Not all meningeal neoplasms are meningiomas. Metastatic neoplasms (see Chapter 46); hemangiopericytomas, hemangioblastomas, melanocytic neoplasms, and various mesenchymal neoplasms (see all in Chapter 45), may be located in the meninges. The term angioblastic meningioma, previously used for angiomatous meningiomas, hemangiopericytomas, and hemangioblastomas, is obsolete. Meningeal hemangiopericytomas/solitary fibrous tumors and hemangioblastomas are morphologically, immunophenotypically, and genetically distinct from meningiomas.

MACROSCOPIC APPEARANCES

Meningiomas arising around the cerebral convexities are generally spherical because they can displace underlying brain (Fig. 43.3). The shape of other meningiomas is constrained by their location, e.g. optic nerve meningiomas are fusiform. Meningiomas occasionally envelop rather than displace adjacent CNS structures (Fig. 43.4). Some meningiomas, particularly those on the sphenoid ridge, grow as plaques within the dura (en plaque meningioma).

Most meningiomas have a smooth or slightly lobulated surface and a rubbery consistency (Fig. 43.5). They are usually solid on sectioning, but may have a soft, granular texture, and there may be obvious interlacing bands of fibrous tissue. Rarer variants may have specific macroscopic features, e.g. the microcystic meningioma has a gelatinous texture and the psammomatous meningioma feels gritty.
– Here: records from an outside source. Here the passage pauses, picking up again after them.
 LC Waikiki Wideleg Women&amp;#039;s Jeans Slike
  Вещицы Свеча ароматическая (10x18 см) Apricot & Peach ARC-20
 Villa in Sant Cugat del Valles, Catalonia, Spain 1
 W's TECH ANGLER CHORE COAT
The attached dura should be inspected for separate nodules of tumor, and the relationship between dura and tumor should be examined histologically (Fig. 43.6). Invasion of adjacent bone may be evident at operation, and pieces of bone may be submitted for examination (Fig. 43.7). The infiltrated bone often shows hyperostosis, a feature that can, however, occur adjacent to meningiomas even in the absence of bony invasion.

MICROSCOPIC APPEARANCES

Meningiomas exhibit a wide range of histologic patterns. Furthermore, a single meningioma may show a combination of patterns. The meningothelial, transitional, and fibrous variants predominate, forming a histologic continuum that should be regarded as prototypical of this neoplasm because their features appear, to a greater or lesser extent, in other variants as well.
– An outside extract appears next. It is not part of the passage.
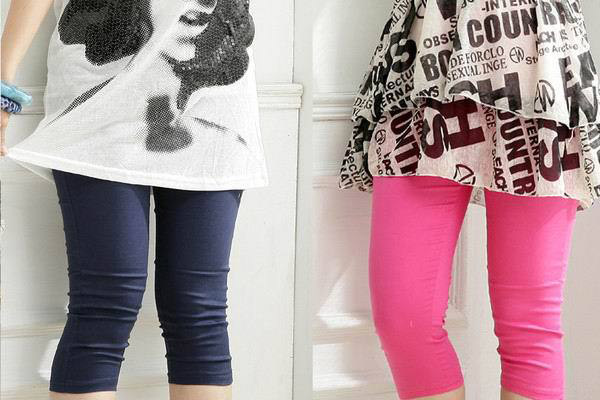 EQMUMBABYyunf褲打底褲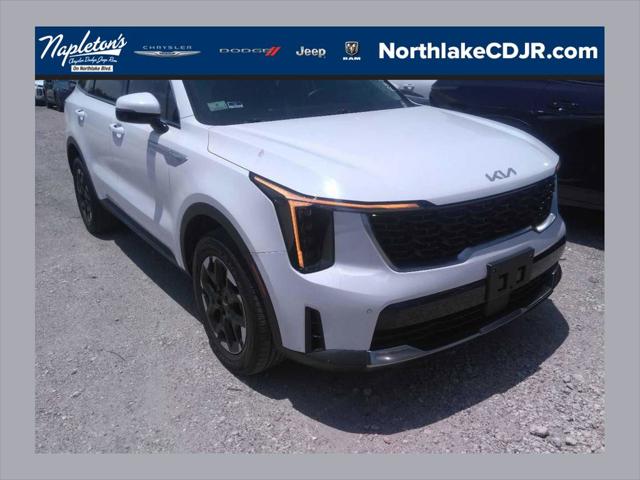 2024 Kia Sorento S for sale in Lake Park, FL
Meningothelial meningiomas consist of sheets or lobules of oval cells that form rudimentary meningothelial whorls in a few places. Cytologic borders are indistinct. Single small nucleoli and nuclear pseudoinclusions formed by invaginations of the nuclear membrane are common (Fig. 43.8).

Fibrous meningiomas consist of spindle-shaped cells associated with variable amounts of pericellular collagen (Fig. 43.9).

Meningothelial and fibrous areas are combined in transitional meningiomas, which also contain widespread whorls and scattered psammoma bodies (Fig. 43.10).